Other results from various plan initiatives include:
* The diabetes management program led to a reduction in diabetes-related hospitalizations from $500,000 in 2005 to between $60,000 and $70,000 every year since.
* The LAMP program showed an 8% decrease in pharmacy claims for antidepressants, a 17% decrease in hospital admissions related to depression, and a 32% decrease in per-member per-year costs related to depression.
* The 134 people participating in the "Lighten Up" weight management program lost a total of 998 pounds.
* Generic drug use increased from 59% in 2007 to over 67% in 2008.
* Total medical and pharmacy costs increased by only 2.9% from the fiscal year ending 2007 to the fiscal year ending 2008.

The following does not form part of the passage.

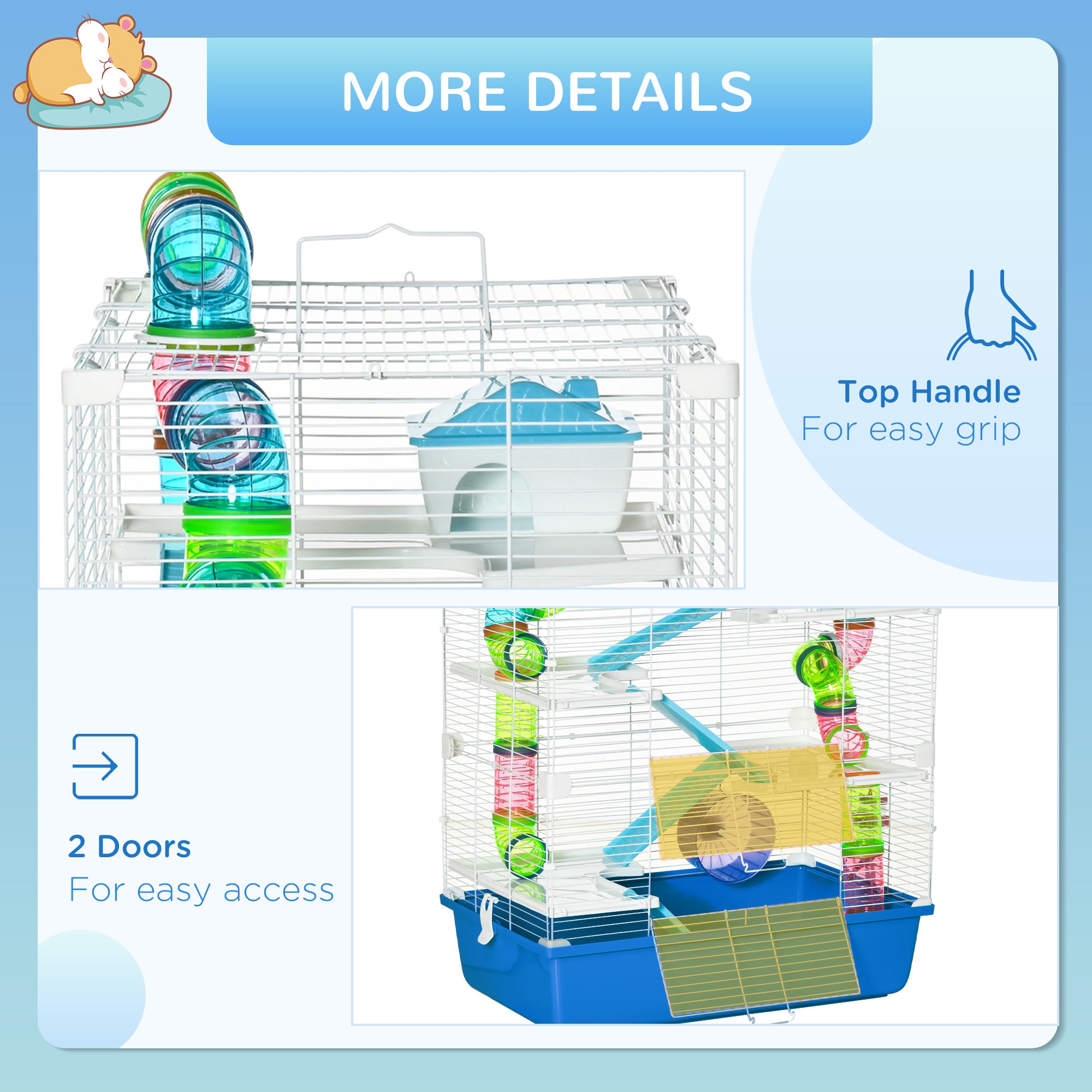 Large 5-Level Hamster Cage with Tunnel Tube, Exercise Wheel & Water Bottle - Blue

"Our cost trend is minus this year," says Goodman. "We're running anywhere from four to eight points minus from the previous 12 months. Our drug costs are basically flat, at a one to two percent increase per year."
For 2011, Goodman plans to add a fourth tier to the "Your Choice" plan. On top of all the current requirements of the "Best" plan, it will require participants to be non-smokers.
The two best things about his job, says Goodman, are flexibility and working closely with health plan participants.
"I like the room to be creative and not to be locked into a box, which health care has been locked into for years," he says. "Too often, change has been addressed by shifting costs rather than by addressing issues. The second thing I like about my job is that I get to see the people I'm helping. The staff feels that way too." -E.B.N.
Jill Elswick, a former EBN associate editor, is a freelance writer based in Roanoke, Va.